What Broke David Lynch?
Twonkey's Drive In
Greenside @ Nicolson Square
David Lynch is a hard act to follow. The undeniable auteur and quirky genius of cinema has made a name for himself both for his abstract, dreamlike Americanus Horribilis cinema and with the duality of his affably normal personality and weirdly oddness. There is great mileage in that style and certainly some in the story of how he brought The Elephant Man to the silver screen. But this show isn’t the vessel.
Paul Vickers, of Twonkey fame, has brought this love letter to Lynch to the Fringe, in very much his signature style. With a bleach blonde quiff and a vague approximation at Lynch’s distinctive voice and cadence, it’s clear the bones of a good concept are at work here. Similarly, Steven Vickers’s portrayal of producer Mel Brooks does a weakly-closed fist of sounding like him occasionally when he phones in to berate the lack of progress on the set of the film.
Robert Atler and Miranda Shrapnell appear to do the requisite acting turns, with Atler as both John Hurt and Anthony Hopkins, the latter being the inarguable highlight of the piece. Shrapnell on the other hand is in full Lynchian dolly-girl mode, as a weird dreamlike imaginary friend, haunting Lynch and holding him back from greatness.
The trouble is, the abstract and weird narrative here is a mess. It’s one thing to ape Lynch’s style, but it helps to have a clear goal at work, or at least a great sense of comic timing. The laughs that came sounded more like the relief of sick-desperation, or just utter defeat at the inane weirdness that was occurring onstage.

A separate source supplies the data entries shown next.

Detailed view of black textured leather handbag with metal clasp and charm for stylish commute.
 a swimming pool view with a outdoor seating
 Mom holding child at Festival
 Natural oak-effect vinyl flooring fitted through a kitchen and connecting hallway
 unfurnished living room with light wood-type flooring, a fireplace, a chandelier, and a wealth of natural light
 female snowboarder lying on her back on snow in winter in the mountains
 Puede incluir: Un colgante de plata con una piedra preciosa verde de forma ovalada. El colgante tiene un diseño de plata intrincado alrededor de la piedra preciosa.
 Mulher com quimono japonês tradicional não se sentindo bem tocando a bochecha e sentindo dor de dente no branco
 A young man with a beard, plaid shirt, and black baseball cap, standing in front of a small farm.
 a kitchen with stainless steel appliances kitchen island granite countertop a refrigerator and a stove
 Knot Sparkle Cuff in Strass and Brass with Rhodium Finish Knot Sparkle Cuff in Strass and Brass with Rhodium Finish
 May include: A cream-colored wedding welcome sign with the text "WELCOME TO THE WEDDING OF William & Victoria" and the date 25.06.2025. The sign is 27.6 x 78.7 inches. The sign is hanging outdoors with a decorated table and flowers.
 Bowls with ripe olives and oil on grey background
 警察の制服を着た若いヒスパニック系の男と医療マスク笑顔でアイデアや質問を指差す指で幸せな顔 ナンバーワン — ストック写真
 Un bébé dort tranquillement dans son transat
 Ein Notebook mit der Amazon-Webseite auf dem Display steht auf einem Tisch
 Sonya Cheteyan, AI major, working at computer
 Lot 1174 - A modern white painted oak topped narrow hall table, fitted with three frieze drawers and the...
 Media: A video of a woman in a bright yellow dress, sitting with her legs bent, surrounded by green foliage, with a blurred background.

The occasional musical number does break things up, but the amount of watch and phone checking during the scene changes did little to assuage the fear that this just wasn’t landing.
Were this a Free Fringe show, then it might be more forgivable, but drawing audiences in with the promise of Lynch at full price, it’s impossible not to simply warn them away. Lynch lovers, this is not for you.